La proposta di accordo dev'essere depositata presso il tribunale del luogo di residenza barra spese del debitore e l'organismo di composizione della crisi entro i tre giorni successivi al deposito dei libri notificare la proposta di accordo alla gente di Lione e agli uffici fiscali competenti anche presso gli enti locali.
La proposta (accordo o piano) deve contenere ai sensi dell'art. 9:
- l'elenco di tutti i creditori con l'indicazione delle somme dovute;
- l'elenco di tutti i beni del debitore e degli atti di disposizione su di essi compiuti negli ultimi cinque anni;
- le dichiarazioni dei redditi degli ultimi tre anni (nel caso di accordo);
- l'elenco delle spese correnti necessarie al sostentamento della famiglia previa indicazione della composizione del nucleo familiare corredata dal certificato di stato di famiglia;
- le scritture contabili degli ultimi tre esercizi;
- l'attestazione della fattibilità dell'accordo o del piano rilasciata dall'organismo di composizione delle crisi da sovraindebitamento che assiste il debitore.
La presentazione della proposta di accordo o di piano del consumatore sospende agli effetti del concorso con gli altri crediti ammessi al passivo il corso degli interessi convenzionali o legali, con eccezione di quelli garantiti da titolo di prelazione.
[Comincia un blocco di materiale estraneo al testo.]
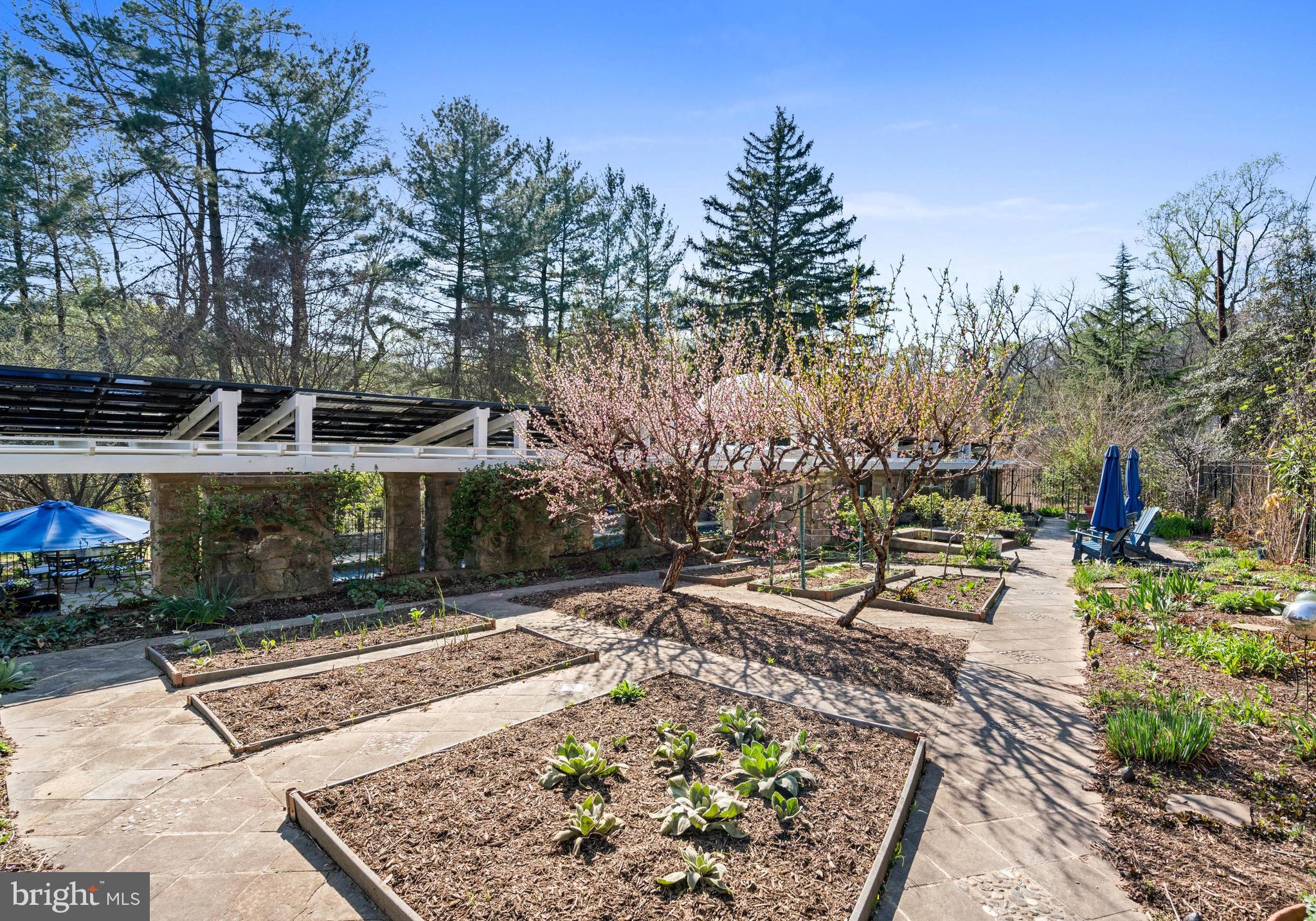 2325 Porter Street Northwest Washington, DC 20008 - Photo 40 of 50 a view of a yard with plants and trees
Una volta ultimata la fase di predisposizione del piano di presentazione della relativa documentazione, si apre la fase di omologazione del piano con l'intervento del Tribunale competente per territorio.
Il Tribunale, verificata la rispondenza del piano ai requisiti stabiliti dalla legge, fissa l'udienza disponendo la comunicazione ai creditori e stabilendo idonea forma di pubblicità della proposta e del decreto. In caso di svolgimento di attività di impresa da parte del debitore, la pubblicazione avviene in una particolare sezione del Registro delle Imprese.
Il Tribunale adotta quindi il provvedimento sull'inibitoria di atti pregiudizievoli nei confronti del debitore stabilendo una durata massima di 120 giorni. Nel medesimo provvedimento il Tribunale dovrebbe altresì stabilire il termine entro il quale i creditori possono esprimere il loro consenso.
Decorso tale termine, in caso di esito infruttuoso di questa fase della procedura, ogni creditore torna libero di agire con le modalità consuete.
Aperto il procedimento con il provvedimento sull'inibitoria, l'Organismo/professionista si adopera per ottenere l'adesione dei creditori alla proposta di accordo.
I creditori, ricevuta la comunicazione della proposta di accordo e del decreto di fissazione dell’udienza, faranno pervenire, anche mediante telegramma, raccomandata a.r., fax o pec, all'organismo di composizione della crisi che assiste il debitore, una dichiarazione sottoscritta del proprio consenso alla proposta, modificabile fino a 10 giorni prima dell'udienza fissata dal Giudice. In mancanza di questa comunicazione si ritiene che creditori abbiano prestato il proprio consenso alla proposta nei termini in cui essa è stata loro comunicata (art. 11, comma 1). Pertanto, per opporsi alla proposta di accordo, il creditore deve comunicare il proprio espresso dissenso all’organismo, operando in difetto il silenzio assenso (o consenso) appena visto.
Ai fini dell'omologazione dell'accordo è richiesto il consenso (eventualmente anche tramite il silenzio assenso) di tanti creditori che rappresentino il valore di almeno il 60% dei debiti complessivi. I crediti privilegiati dei quali la proposta di accordo preveda l'integrale pagamento non sono computati ai fini del raggiungimento di detta percentuale e i titolari di essi non hanno diritto ad esprimersi sulla proposta, così come non hanno diritto ad esprimersi sulla proposta il coniuge del debitore, i suoi parenti od affini fino al quarto grado, i cessionari o aggiudicatari dei crediti di tutti questi soggetti (debitore compreso) da meno di un anno dalla proposta.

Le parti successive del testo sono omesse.